Collected data entries
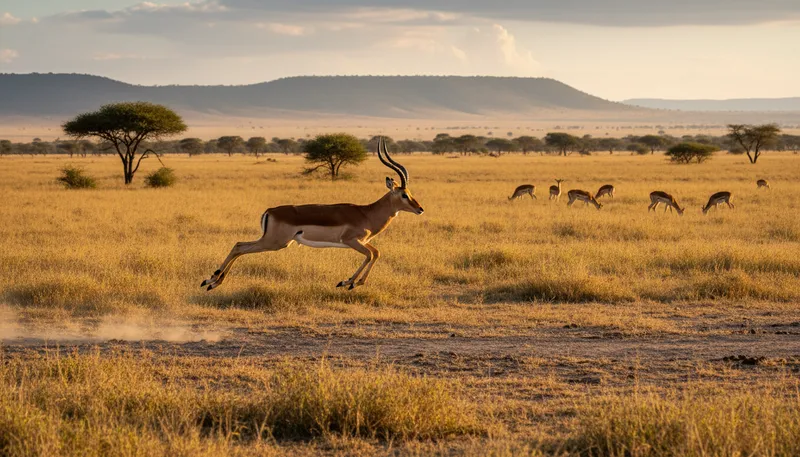 Illustration of antelope: A swift, grazing animal with long legs.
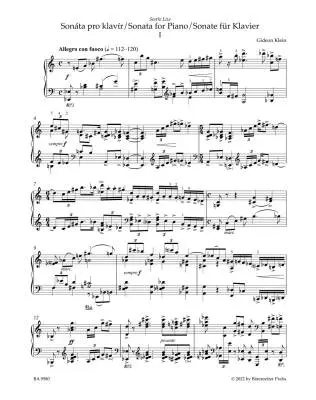 Sonata for Piano / Landscape - Klein - Performance Score, Urtext Edition - Piano, Speaker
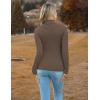 Zeagoo Women’s Turtleneck Sweaters 2026 Fall Fitted Long Sleeve Pullover Sweater Ribbed Knit Basic Tops(Brown)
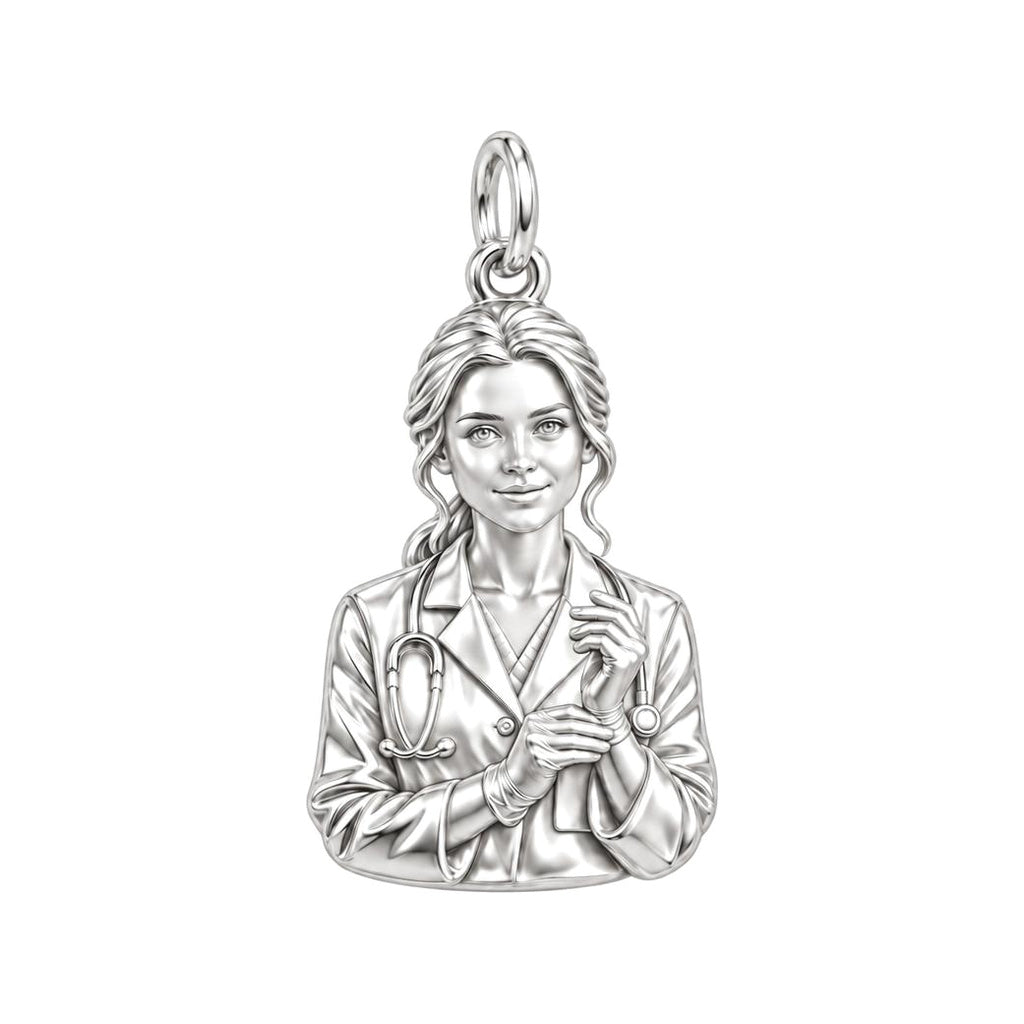 Hero Nurse Charm Bracelet – Personalized Nurse Gift – silver charm, front view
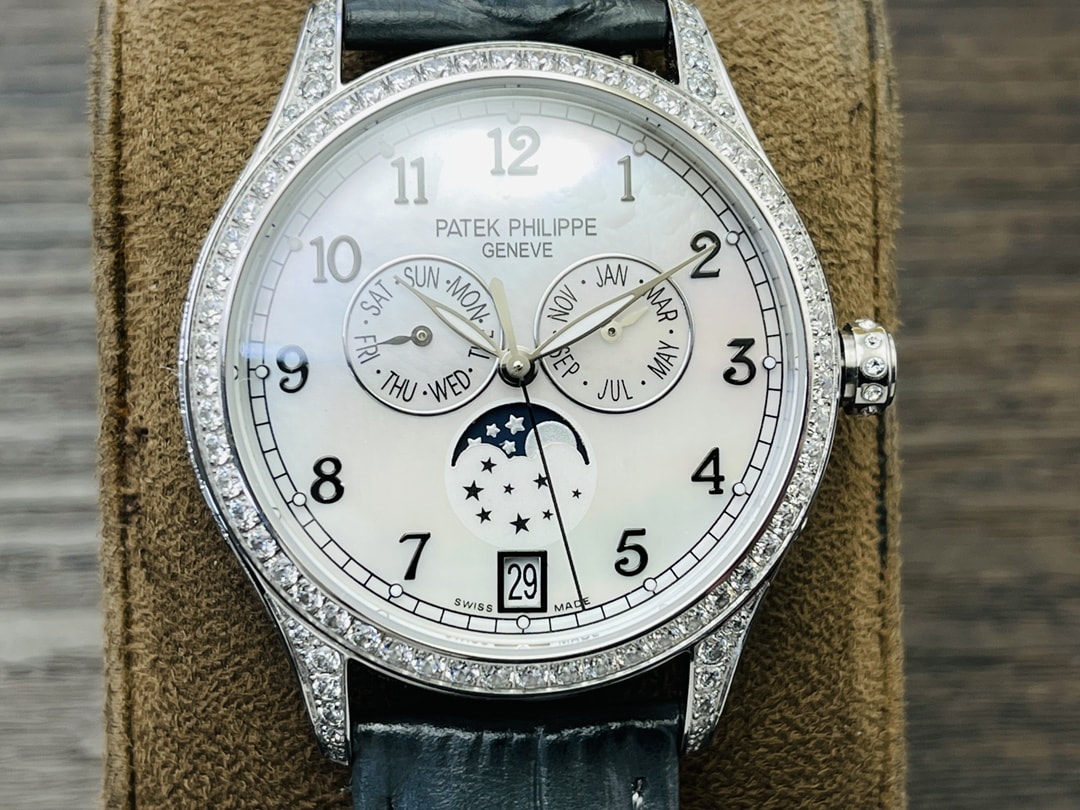 Fake Diamond Watch Patek Philippe Replica Complications Annual Calendar Moon Phases White Gold White Mother of Pearl Dial 38mm Diamond Bezel 4948G-010(1:1 replica) - Top club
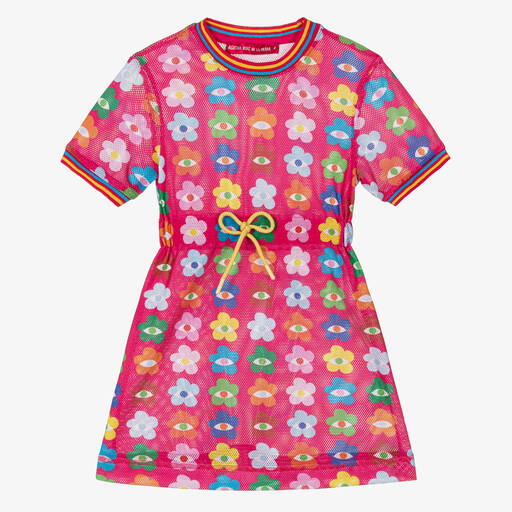 Agatha Ruiz de la Prada-Girls Pink Floral Mesh Dress | Childrensalon Outlet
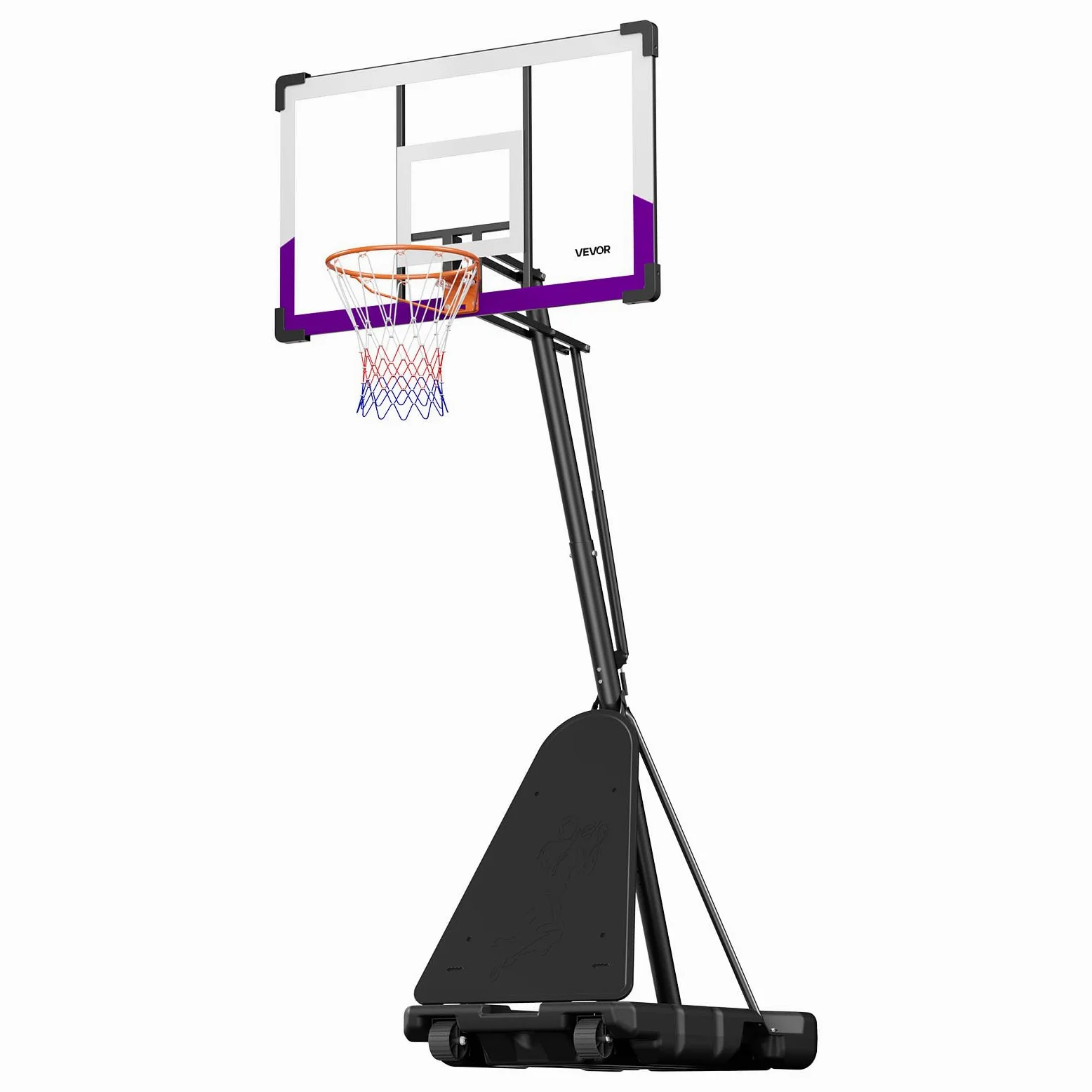VEVOR Canestro da Basket Portatile, Altezza Massima 3,05 m, Regolabile Manualmente, Sistema da Basket con Tabellone in PC da 1219,2 mm, Set di Tabelloni per Sistema da Basket per Cortili, Scuole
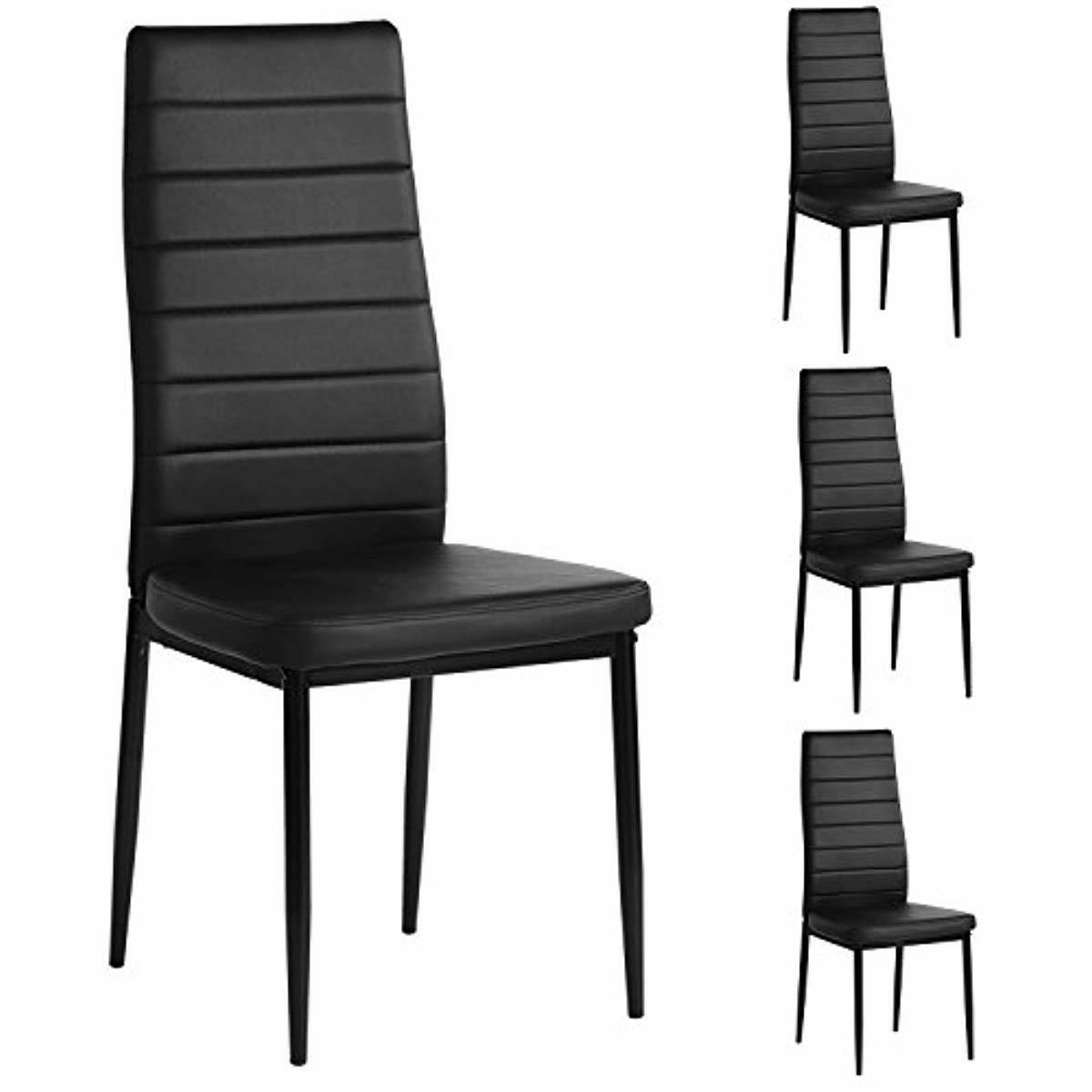 Kitchen Chairs Set Of 4 Dining Chair Black With Steel Frame High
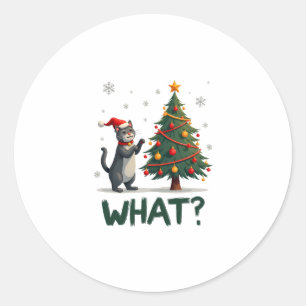 What Funny Cat Pushing Christmas Tree Over Cat Xma Classic Round Sticker
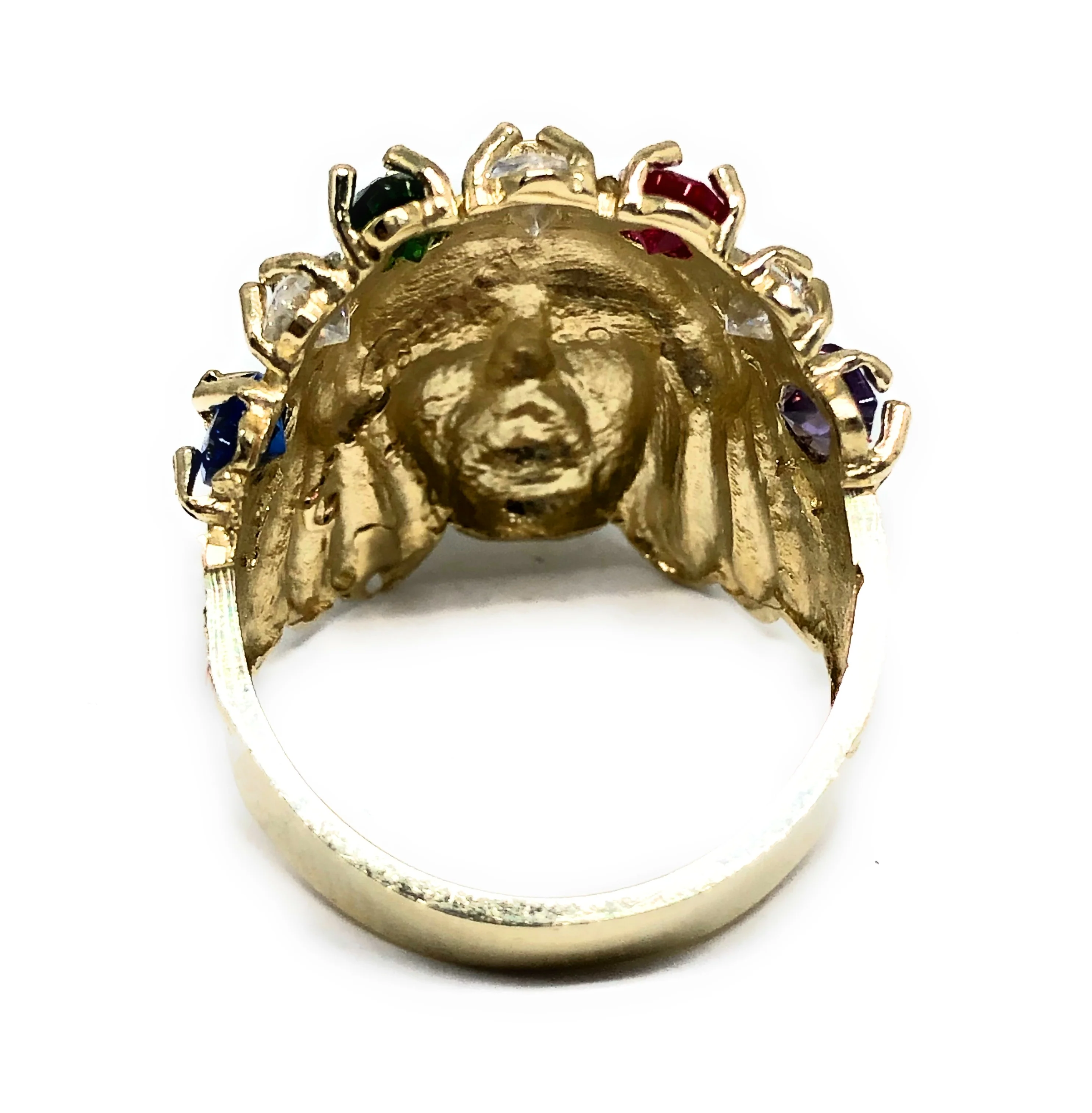 10k Solid Gold Yellow Indian Chief Indio Ring Gemstones (9.2g) - Image 3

** What you need to do **
Pictures don't belong in the copy. Transcribe every record exactly as it appears.

** Written solution **
 Illustration of antelope: A swift, grazing animal with long legs.
 Sonata for Piano / Landscape - Klein - Performance Score, Urtext Edition - Piano, Speaker
 Zeagoo Women’s Turtleneck Sweaters 2026 Fall Fitted Long Sleeve Pullover Sweater Ribbed Knit Basic Tops(Brown)
 Hero Nurse Charm Bracelet – Personalized Nurse Gift – silver charm, front view
 Fake Diamond Watch Patek Philippe Replica Complications Annual Calendar Moon Phases White Gold White Mother of Pearl Dial 38mm Diamond Bezel 4948G-010(1:1 replica) - Top club
 Agatha Ruiz de la Prada-Girls Pink Floral Mesh Dress | Childrensalon Outlet
VEVOR Canestro da Basket Portatile, Altezza Massima 3,05 m, Regolabile Manualmente, Sistema da Basket con Tabellone in PC da 1219,2 mm, Set di Tabelloni per Sistema da Basket per Cortili, Scuole
 Kitchen Chairs Set Of 4 Dining Chair Black With Steel Frame High
 What Funny Cat Pushing Christmas Tree Over Cat Xma Classic Round Sticker
 10k Solid Gold Yellow Indian Chief Indio Ring Gemstones (9.2g) - Image 3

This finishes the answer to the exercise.